⑦包茎の人は、優しく包皮を剥いて反転させる。反転させた後も、しばらく陰嚢や裏筋あたりを撫で続ける。この時点でペニスは充分勃起しているはずだ。ここでコンドームを付けると、さらに実際的となり、よりセックスの好意的な模範となって、自己肯定感が高まる。なんの想像(妄想)をしなくても、ペニスを優しく撫でているだけで気持ちいいはずだ。
 
⑧その後、寝そべった体勢で、目を瞑り、パートナーとのセックスを想像する。シーツを汚さないよう、タオルケットを敷いておくといい。勃起したペニスを優しくゆっくりといじりながら、ペニスを相手の体に挿入していく想像を試みる。そうしてさらにペニスを撫で続け、挿入したと想像するペニスの動きをイメージしながら、相手との興奮した状態をイメージする。この時、とてもいい気分となる。
 
⑨徐々にヴォルテージを高めていき、一度、その興奮から冷めたショートタイムを断続的につくるのもテクニック。
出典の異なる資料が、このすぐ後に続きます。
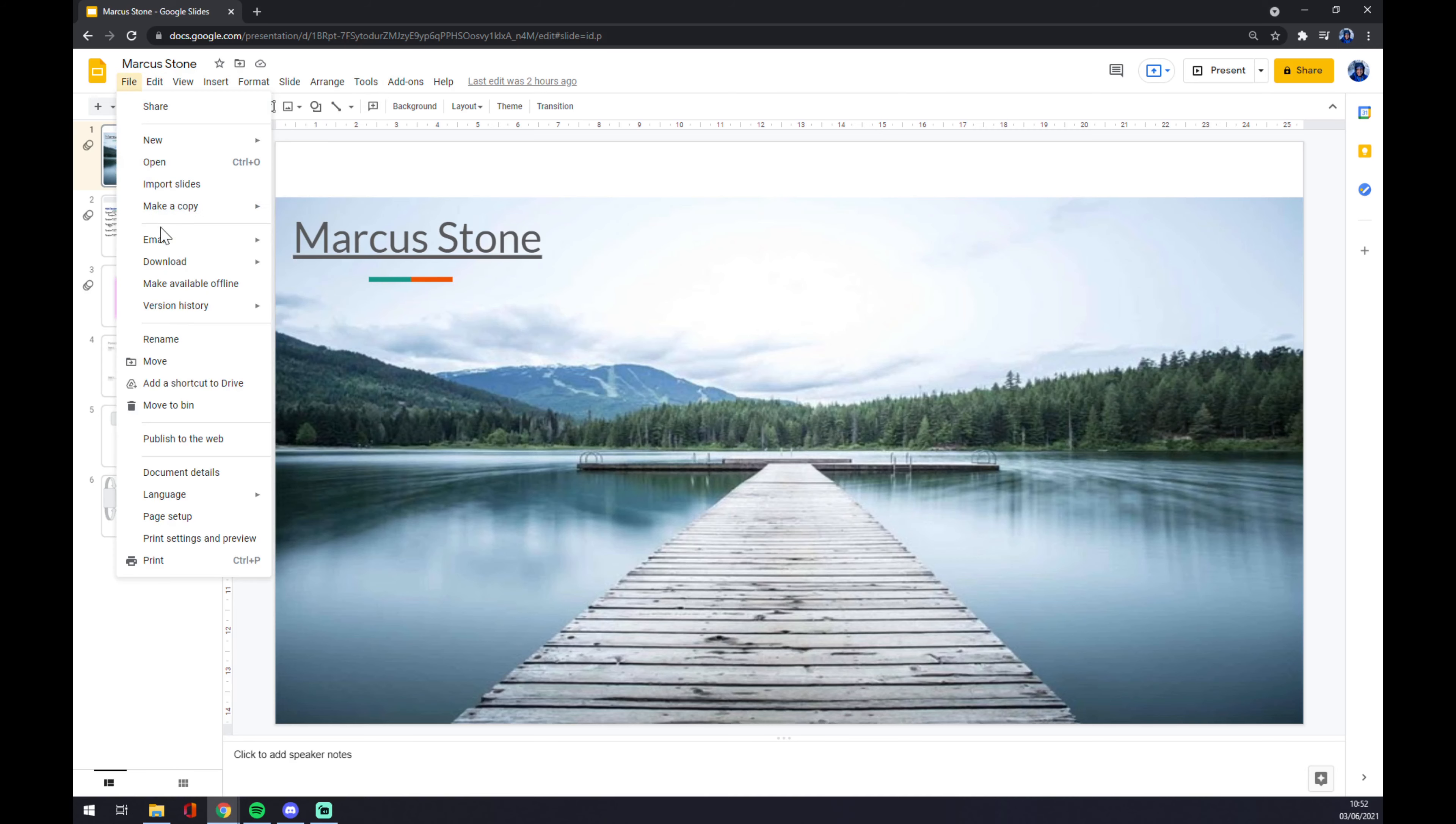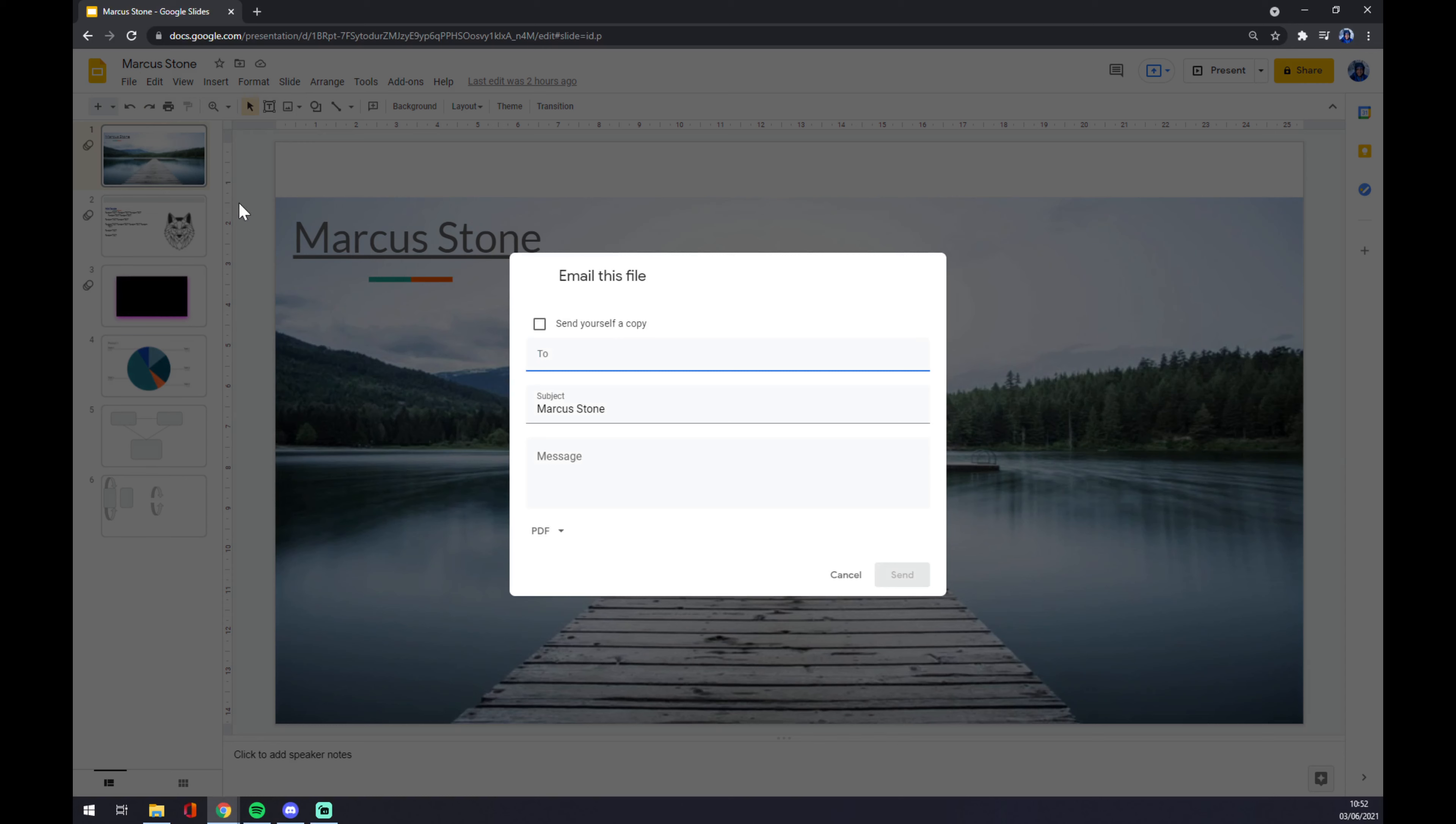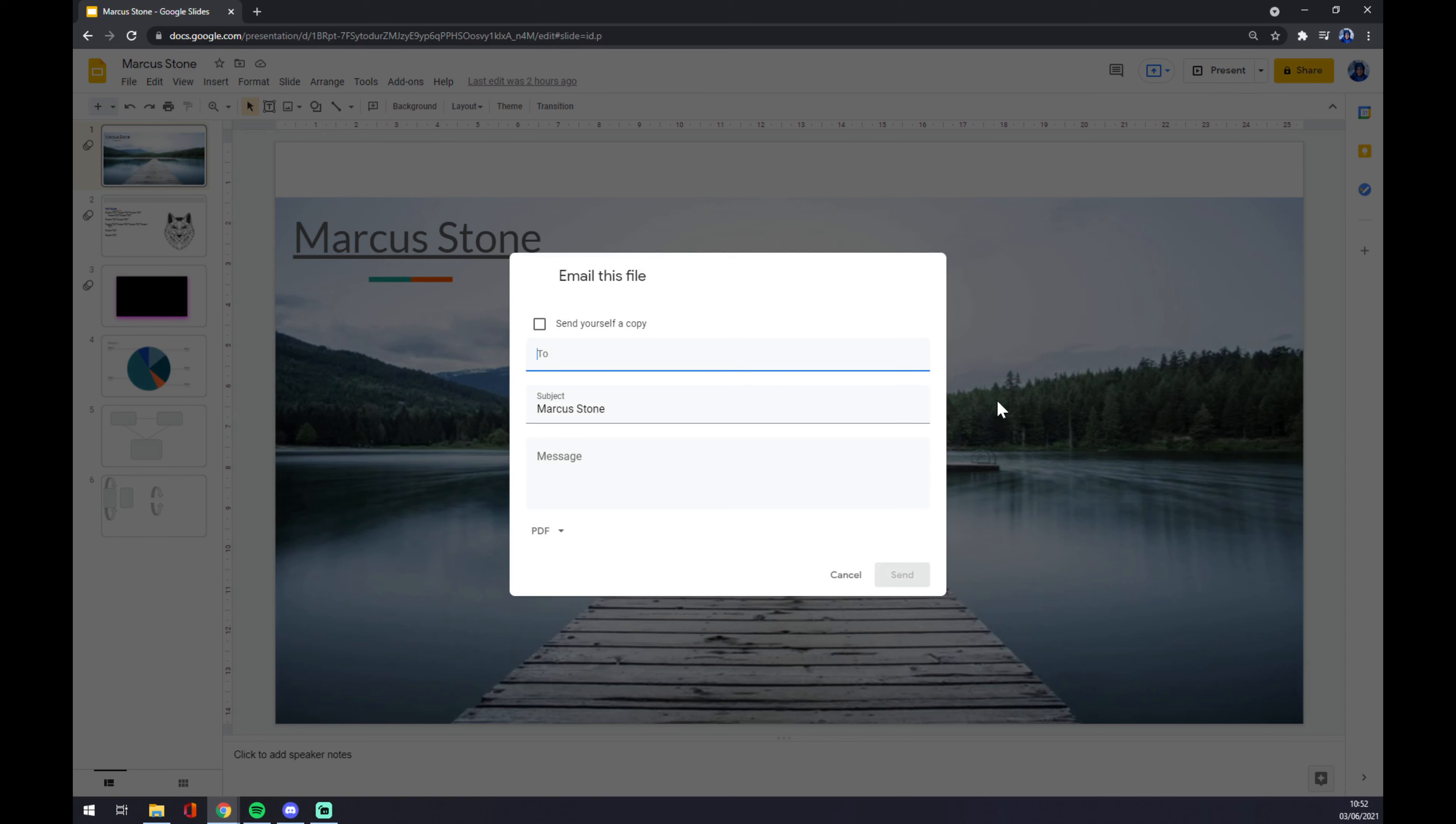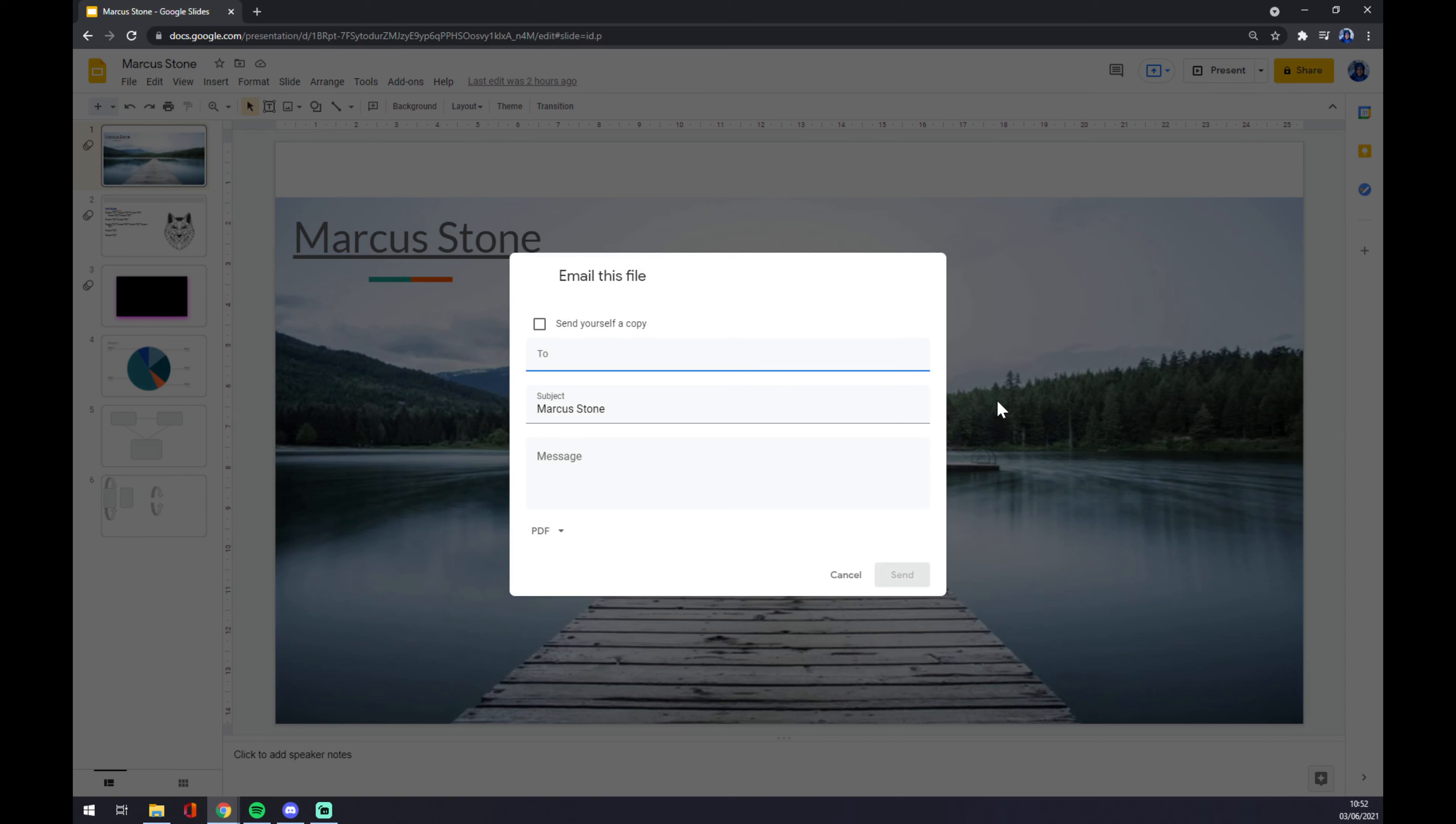First of all, we have to go to the File menu which is on our top left corner. It's a very easy way. There's this 'Email this file' option. Once you click on 'Email this file', a pop-up window will show you the form.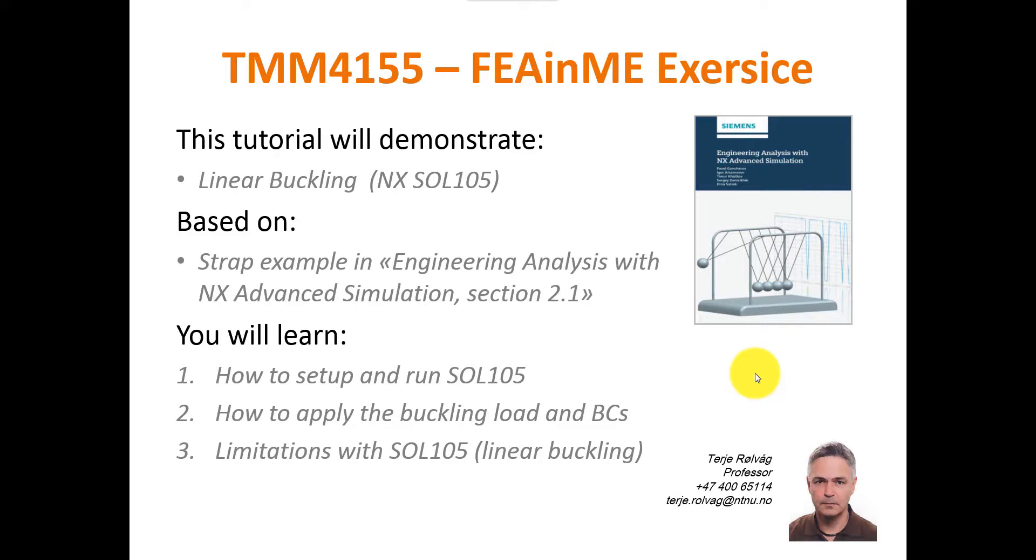Good morning everyone. I'm TJ and today I will talk about linear buckling using NX SOL 105. I will use an example from Pavel Goncharov's book Engineering Analysis with NX Advanced Simulation in Part 2, Section 2.1.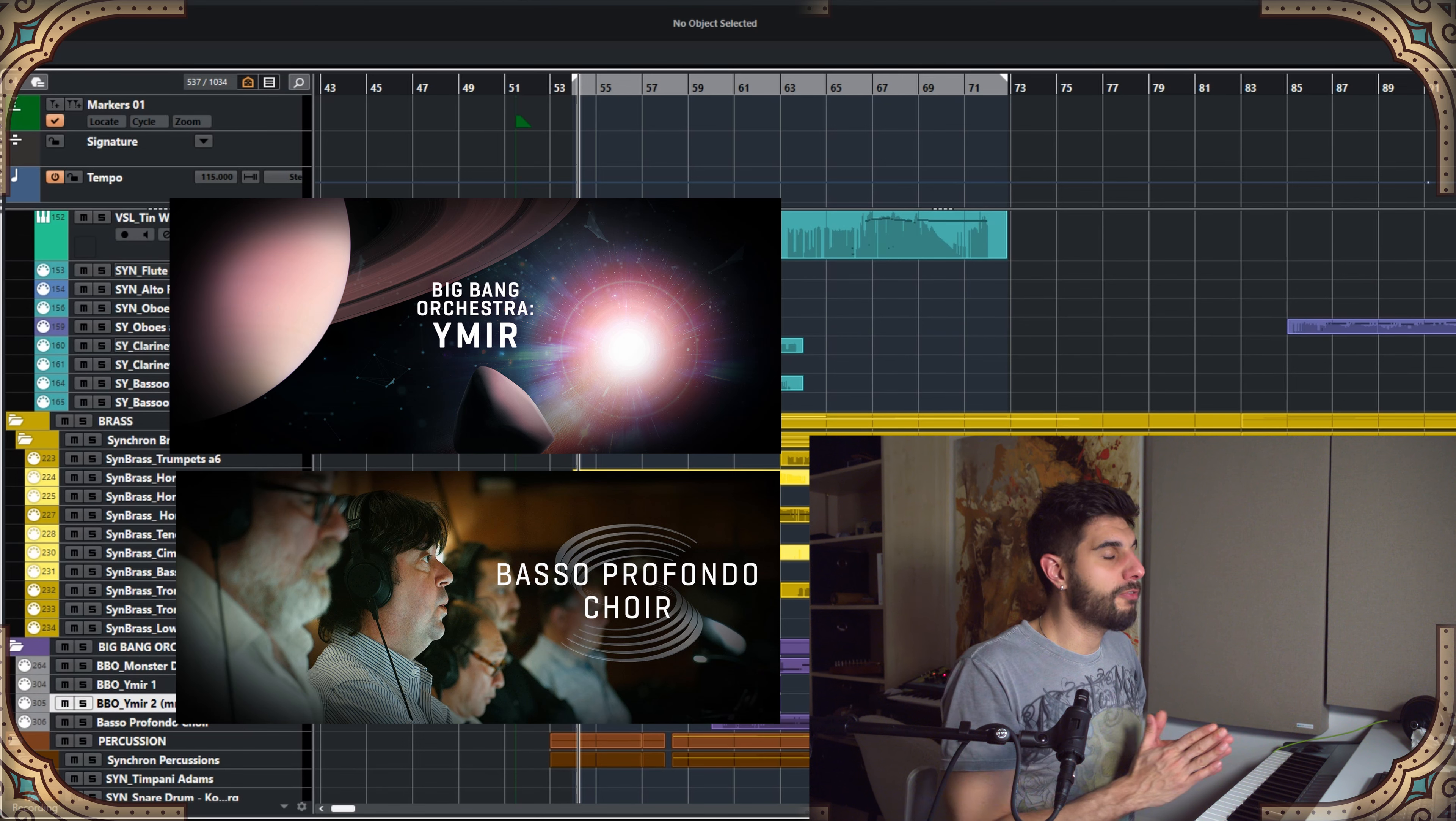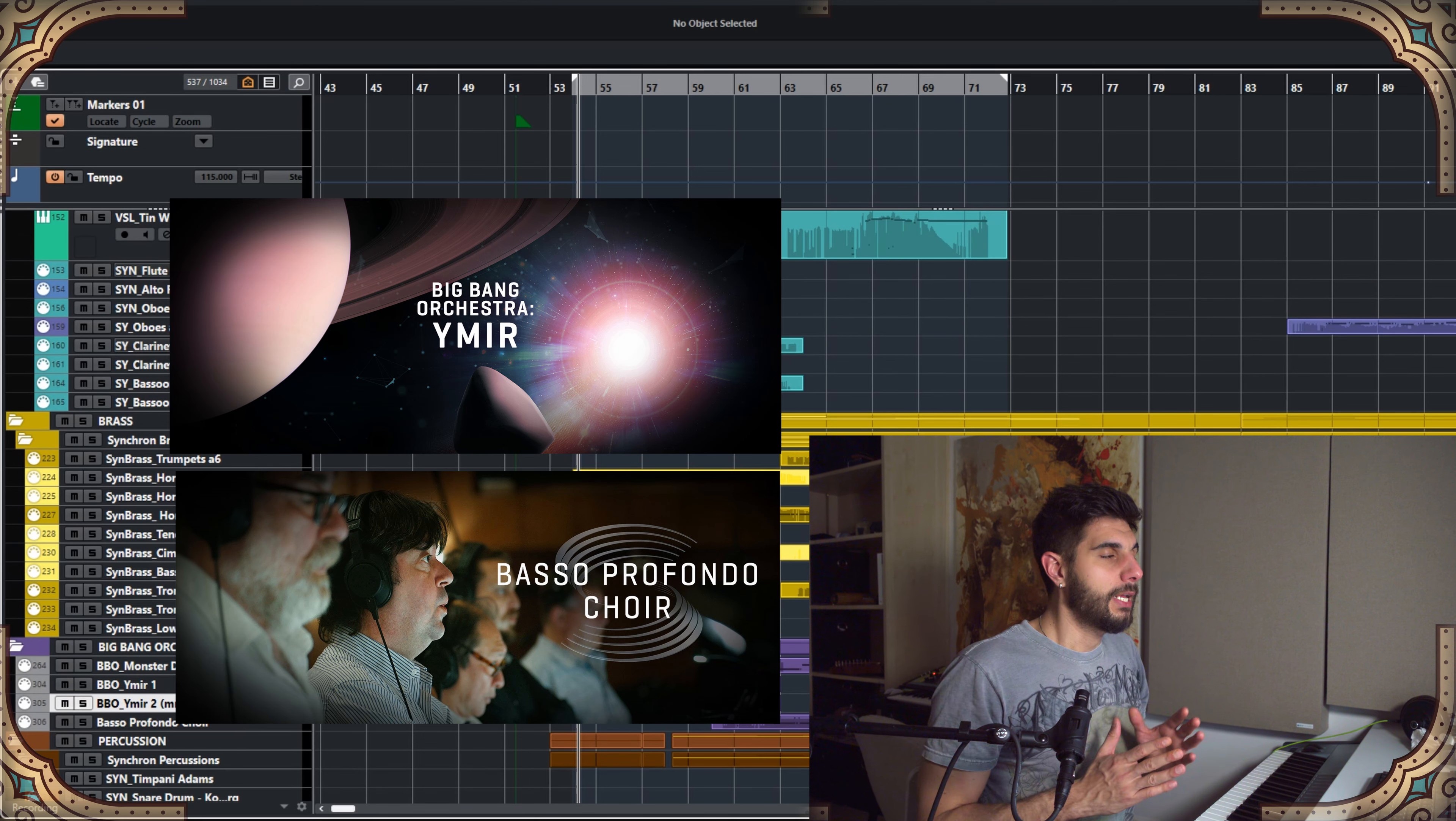Today I added two of my favorite VSL choirs, Big Bang Orchestra Ymir, and the Basso Profondo choir.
徐々にヴォルテージを高めていくことは、セックスと同様のシチュエーションで心身の興奮を得ることになる。この時既に、さまざまな想像をめぐらしているので、興奮は頂点に達し、射精したい衝動に駆られるはずだ。それはもう、自分の好きなタイミングで射精してまったくかまわない。ただし、必ずしも、クライマックスで射精を伴う必要はないのだ。個人の自由である。あくまで自分のペースで、性欲を高めるのが目的であり、刺激優先ではない。優しい接触と想像だけでオナニーを楽しむのが、スローな「ナチュラル・マスターベーション」の本意である。
 
⑩オナニーが終わったら、ティッシュペーパーを使ってペニスや体を拭き、シャワーを浴びたりするのもいい。お茶やコーヒーなどを飲んで心をリラックスさせることもおすすめする。
 

注意すべきこと

○ペニスを傷つけたり、過度な強い刺激を与えない。
○床オナや皮オナはやらない。
○他人を巻き込まない。他人に見せない。自分だけでおこなう。
○道具を使ったオナニーを否定する。長時間に及ぶオナニーを否定する。パートナーに見せびらかすオナニーも否定する。
○自分で気分が滅入る行為はやらない。自己肯定感を高めるためにおこなうのだから、まったく個人で性的な快感を得るための、慎ましやかなオナニーが望ましい。